Away from the Chinese military’s expanding capabilities in cyberspace and electronic warfare, Beijing is growing the size and reach of its naval fleet, advancing its air force and testing a host of new missiles, the Pentagon said Thursday.
An annual report to Congress on China’s evolving military capability concluded that the modernization was being driven in part by growing territorial disputes in the East and South China seas, as well as by Beijing’s desire to expand its presence and influence abroad.
But the main motivation remains Beijing’s concern over the possibility of hostilities in the Taiwan Strait, according to the report, which downplayed the notion that a recent thaw in relations between China and Taiwan has done anything to seriously mitigate the threat of a military conflict between the two countries.
“Despite positive public statements about cross-Strait dynamics from top leaders in China following the re-election of Taiwan President Ma Ying-jeou in 2012, there have been no signs that China’s military disposition opposite Taiwan has changed significantly,” the Pentagon report said. “The [People’s Liberation Army] has continued to develop and deploy military capabilities to coerce Taiwan or to attempt an invasion, if necessary.”
The report’s release Thursday coincided with a visit to The Washington Times by Taiwanese diplomats, who said they want to renew their request to obtain some of the Pentagon’s coveted F-35 Joint Strike Fighters or, perhaps, its F-22 Raptor fighter jets.

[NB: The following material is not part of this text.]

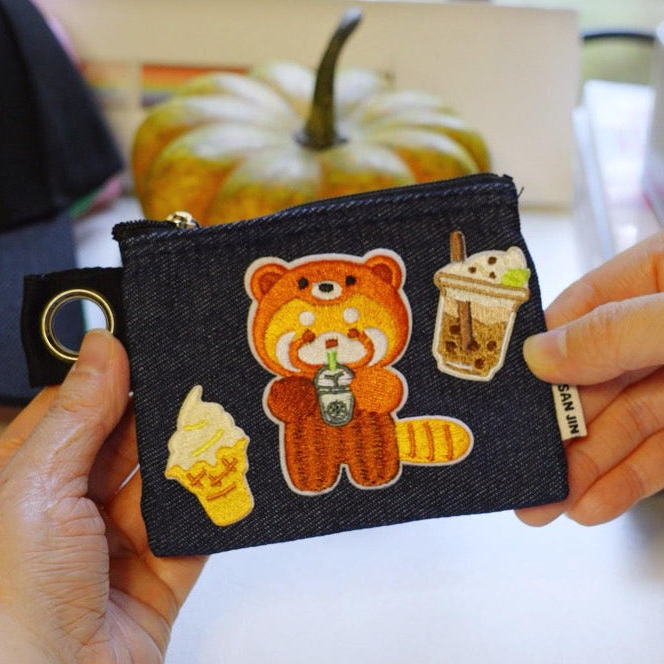 cute sweet treat embroidered stick-on patch on canvas card wallet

The island country recognizes that it has an increasingly important role to play in the Obama administration’s pivot to the Asia-Pacific region. And since Taiwan is an important ally of the United States, “it is important for the U.S. to think of a way to show its substantial support for Taiwan,” said Kwei-Bo Huang, Taiwan’s secretary general of the association of foreign relations.
A Defense Department official told reporters Thursday that the Pentagon remains vigilant about tracking the Chinese military progress toward modernizing its weapons and acquiring new ones. “We continue to monitor and document the Chinese military’s capabilities, particularly in the region of Taiwan,” the official said.
In a long-standing U.S. criticism of China’s military expansion over the past two decades, the Pentagon criticized China’s lack of openness about its strategy, which it said has caused concerns in Asia.
“Absent greater transparency from China and a change in its behavior, these concerns will likely intensify as the PLA’s military modernization program progresses,” the report said.
China’s government in March announced a 12.2 percent increase in military spending to $132 billion. That followed last year’s 10.7 percent increase to $114 billion, giving China the second-highest defense budget for any nation behind the U.S., which spent $600.4 billion on its military last year.